Quantile Regression for Continuous Dependent Variables
Use a linear programming implementation of quantile regression to estimate a linear predictor of the th conditional quantile of the population.
z5 <- zquantile$new()
z5$zelig(Y ~ X1 + X2, weights = w, data = mydata, tau = 0.5)
z5$setx()
z5$sim()
With the Zelig 4 compatibility wrappers:
z.out <- zelig(Y ~ X1 + X2, model = "rq", weights = w, data = mydata, tau = 0.5)
x.out <- setx(z.out)
s.out <- sim(z.out, x = x.out)
In addition to the standard inputs, zelig() takes the following additional options for quantile regression:
Attach sample data, in this case a dataset pertaining to the efficiency of plants that convert ammonia to nitric acid.
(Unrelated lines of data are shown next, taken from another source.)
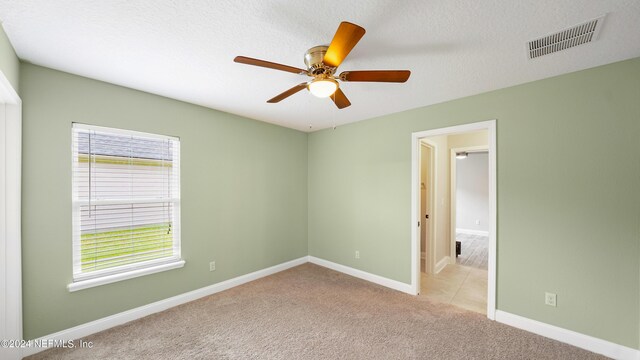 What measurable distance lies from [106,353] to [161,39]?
2.53 metres

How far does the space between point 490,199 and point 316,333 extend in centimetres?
224

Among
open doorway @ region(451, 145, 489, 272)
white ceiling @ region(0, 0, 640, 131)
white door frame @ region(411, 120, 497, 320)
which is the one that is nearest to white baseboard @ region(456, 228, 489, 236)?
open doorway @ region(451, 145, 489, 272)

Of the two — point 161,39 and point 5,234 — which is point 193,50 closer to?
point 161,39

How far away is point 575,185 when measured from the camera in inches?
85.5

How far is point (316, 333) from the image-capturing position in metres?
2.34

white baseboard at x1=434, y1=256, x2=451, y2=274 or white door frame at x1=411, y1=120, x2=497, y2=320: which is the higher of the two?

The dependent variable, stack.loss, is 10 times the percentage of ammonia that escaped unconverted:
data(stackloss)
Estimate model:
z.out1 <- zelig(stack.loss ~ Air.Flow + Water.Temp + Acid.Conc.,
model = "rq", data = stackloss,
tau = 0.5)
## Warning in readLines(zeligmixedmodels): incomplete final line found on
## '/usr/lib64/R/library/ZeligMultilevel/JSON/zelig5mixedmodels.json'
## How to cite this model in Zelig:
## Alexander D'Amour. 2008.
## quantile: Quantile Regression for Continuous Dependent Variables
## in Christine Choirat, Christopher Gandrud, James Honaker, Kosuke Imai, Gary King, and Olivia Lau,
## "Zelig: Everyone's Statistical Software," http://zeligproject.org/
Summarize regression coefficients:
summary(z.out1)
## Model:
##
## Call: z5$zelig(formula = stack.loss ~ Air.Flow + Water.Temp + Acid.Conc.,
## data = stackloss, tau = 0.5)
##
## tau: [1] 0.5
##
## Coefficients:
## coefficients lower bd upper bd
## (Intercept) -39.6899 -41.6197 -29.6775
## Air.Flow 0.8319 0.5128 1.1412
## Water.Temp 0.5739 0.3218 1.4109
## Acid.Conc. -0.0609 -0.2135 -0.0289
## Next step: Use 'setx' method
Set explanatory variables to their default (mean/mode) values, with high (80th percentile) and low (20th percentile) values for the water temperature variable (the variable that indiates the temperature of water in the plant’s cooling coils):
x.high <- setx(z.out1, Water.Temp = quantile(stackloss$Water.Temp, 0.8))
x.low <- setx(z.out1, Water.Temp = quantile(stackloss$Water.Temp, 0.2))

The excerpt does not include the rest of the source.